Hellas Verona di Redazione , 21/10/2020 17:24

Rimettere Kalinic al centro del Villaggio

Kalinic nella foto Grigolini/Hellas Verona

Ha bisogno di sentirsi dannatamente importante Nikola Kalinic. Carattere difficile, personalità forte, ego da non sottovalutare: al punto da farsi cacciare dopo una partita dal Mondiale in Russia due anni fa dopo uno scazzo con il ct Dalic. Motivo? Kalinic si era rifiutato di entrare in campo per un mal di schiena. La Croazia poi avrebbe raggiunto una storica finale contro la Francia.

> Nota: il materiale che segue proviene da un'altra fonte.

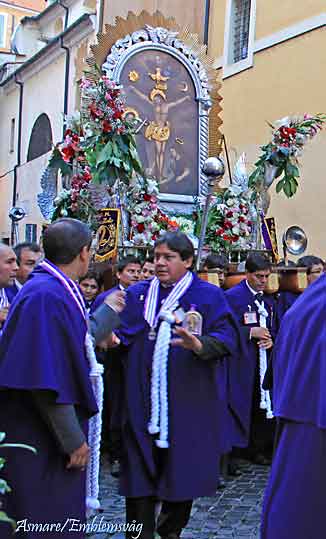 Roma_Trastevere_prosesjon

Certo, Kalinic formalmente si può considerare vicecampione del mondo in carica, ma quell'episodio rivela come l'attaccante di Salona non sia precisamente un'educanda.

Per questo risulta ancora più rilevante la sua dichiarazione sul perché, a 32 anni, ha scelto il Verona: “Perché voglio giocare e perché c'è Juric”. In queste due affermazioni non vi è nulla di banale o compiaciuto, non vi è traccia di paraculaggine o ruffianeria. E' semplicemente la verità.

Kalinic, dopo 38 gol in serie A in quattro stagioni tra Fiorentina, Milan e Roma, e 160 marcature in carriera, arriva all'Hellas per tornare protagonista. Con la benedizione di un tecnico suo connazionale e corregionale (entrambi sono spalatini-dalmata) e nativo di quella Spalato dove Kalinic invece è cresciuto calcisticamente ed stato goleador in due stagioni tra il 2007 e 2009.

Insomma Kalinic per tornare a fare quello che sa, cioè gol, sentiva bisogno in qualche modo di aria di casa. Al punto da rinunciare alla montagna di soldi del Besiktas. Il giocatore si conosce: stazza fisica imponente, tecnica e capacità di palleggio, senso del gol, visione di gioco (leggi assist) e capacità di svariare su tutto il fronte offensivo. Talento di razza incapace di sfondare ai più grandi livelli (leggi il fallimento all'Atletico Madrid, o le annate mediocri al Milan e alla Roma) proprio per quel carattere un po' balcanico, quindi anarcoide, sfrontato ed egocentrico che gli è costato persino un mondiale irripetibile.

Kalinic non sopporta di sentirsi comprimario, la panchina o il part-time lo intristiscono. Per questo Verona ha tutto per essere la sua piazza e Juric il suo allenatore. Kalinic non è Toni (ma quanti in Europa lo sono da vent'anni a questa parte?), ma è il centravanti che da un po' mancava da queste parti. E checché ne dica Setti, non è stata nemmeno tutta questa follia: il suo rimanente anno di contratto con l''Atletico (3 mln di euro) è stato spalmato su due, con il club castigliano che contribuisce non poco agli 1,5 milioni del primo anno, salvo poi (in base al rendimento del giocatore) ricevere un pagamento posticipato di massimo 5 milioni (il valore di un buon centrocampista di A). Per dire, Pazzini e di Stepinsky (questa sì una follia) sono costati di più.

Piuttosto Kalinic è una delle operazioni più intelligenti di Setti a Verona. Un "top player" nella fascia media-bassa della classifica.